Mireille Enos ("Big Love") stars as no-nonsense homicide detective Sarah Linden, who catches a case on her last day of work in Seattle (the show shoots in Vancouver, Canada) before moving to California with her son (Liam James) and fiance (Callum Keith Rennie).

Rosie Larsen, a promising high-schooler from the wrong side of the tracks, has gone missing, and when she turns up dead, the evidence points to city council president Darren Richmond (Billy Campbell), a fast-rising politician with mayoral aspirations.

The news shatters the girl's parents, Mitch and Stanley (Michelle Forbes, Brent Sexton), who still have younger sons to care for, and also shakes Rosie's friend, Sterling Fitch (Kacey Rohl).

Working with Sarah on the case is former narcotics detective Stephen Holder (Joel Kinnaman), who has a dark sense of humor and an unconventional investigative style.

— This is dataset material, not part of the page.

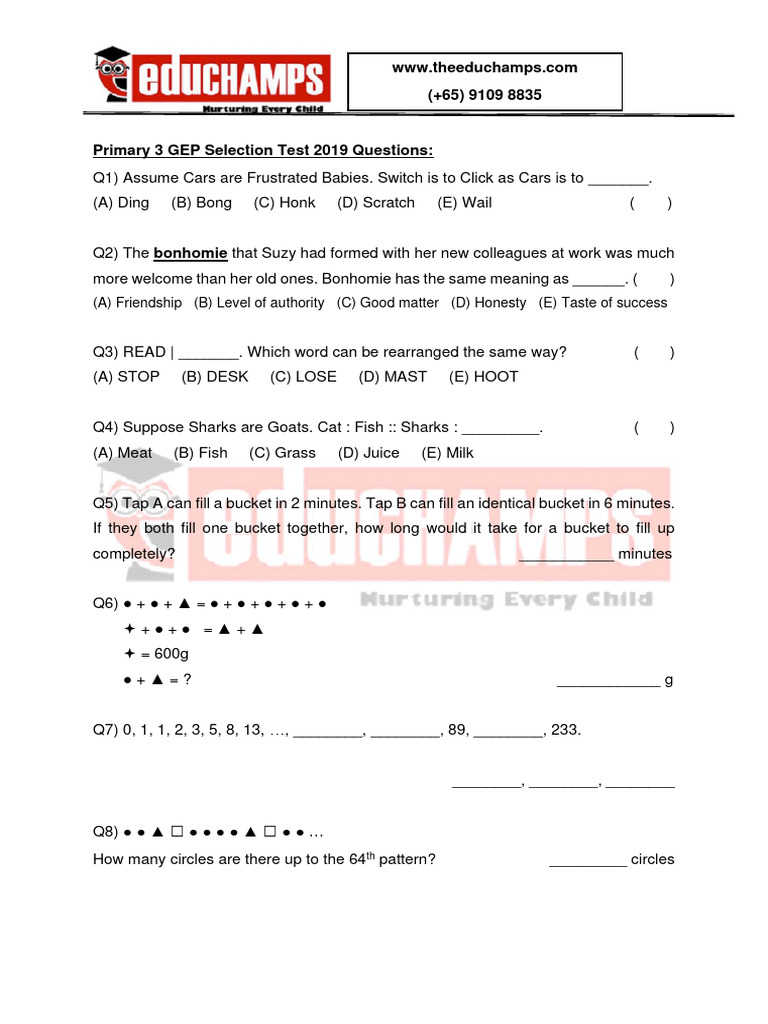Primary 3 GEP Test Sample Questions | PDF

As for how she saw Sarah, Enos says, "I saw her as intelligent, complicated. She can be really cagey. She can set up boundaries between herself and other people. She keeps people at bay. She's not always likable, which is really fun to play."

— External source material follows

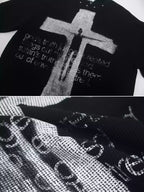 Gothic Cross Graphic Waffle Knit Long Sleeve Tee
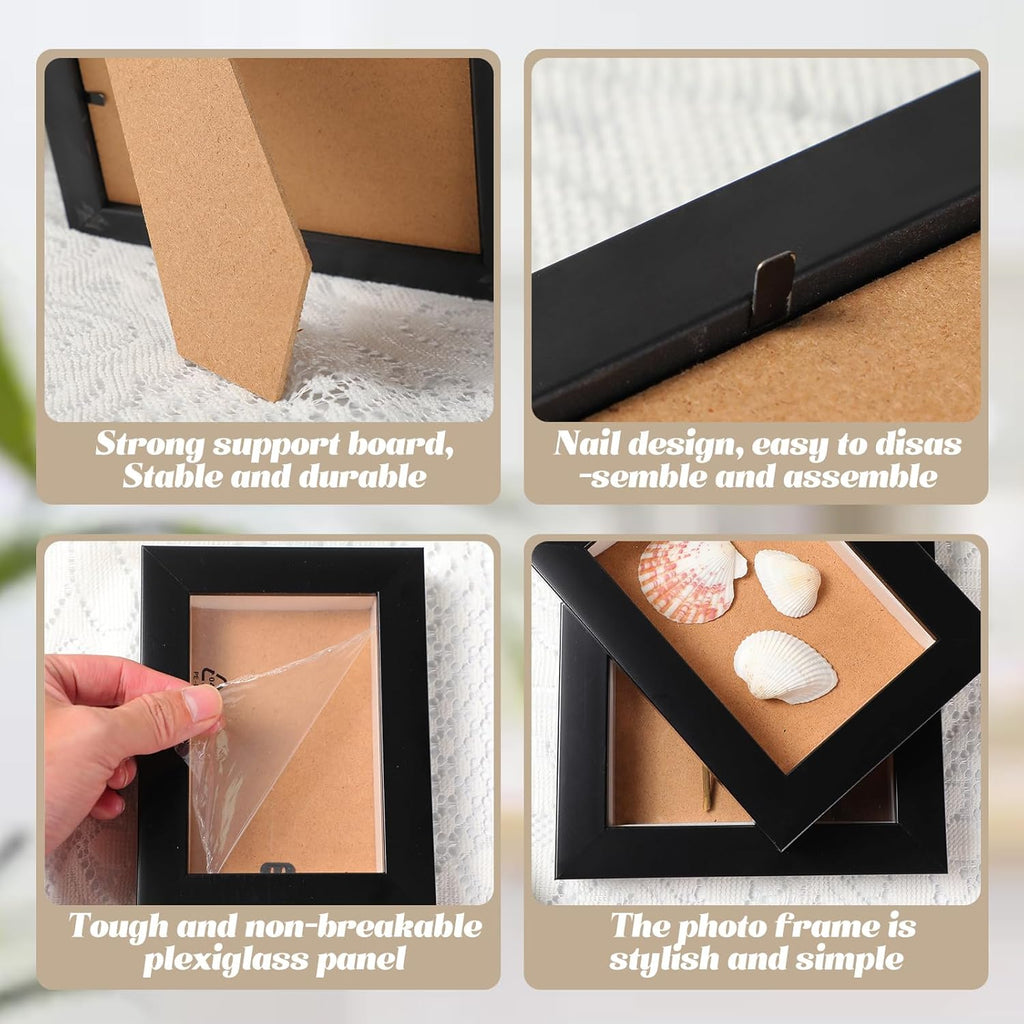 6 Pcs Black Wood Shadow Box Frame Set Y9076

Although Campbell plays a politician, he says, "I don't know that I'm a slimy politician at all. He seemed a very decent man. He still does seem a decent man. He's in for a bit of, maybe, an object lesson in what it means to be a politician. He's going to find out some things about himself.

"It's pretty neat to be on a show with actual character arcs. It's exciting."

Because the show moves along day to day, it allows the actors to dig into scenes and feelings that would normally be skipped over quickly.

"That's the really beautiful thing about this show," says Campbell. "You do live with these people through their experience, almost in real time. It's stunning."

It also allows the victim to become more than just a reason for a clever detective to get to work.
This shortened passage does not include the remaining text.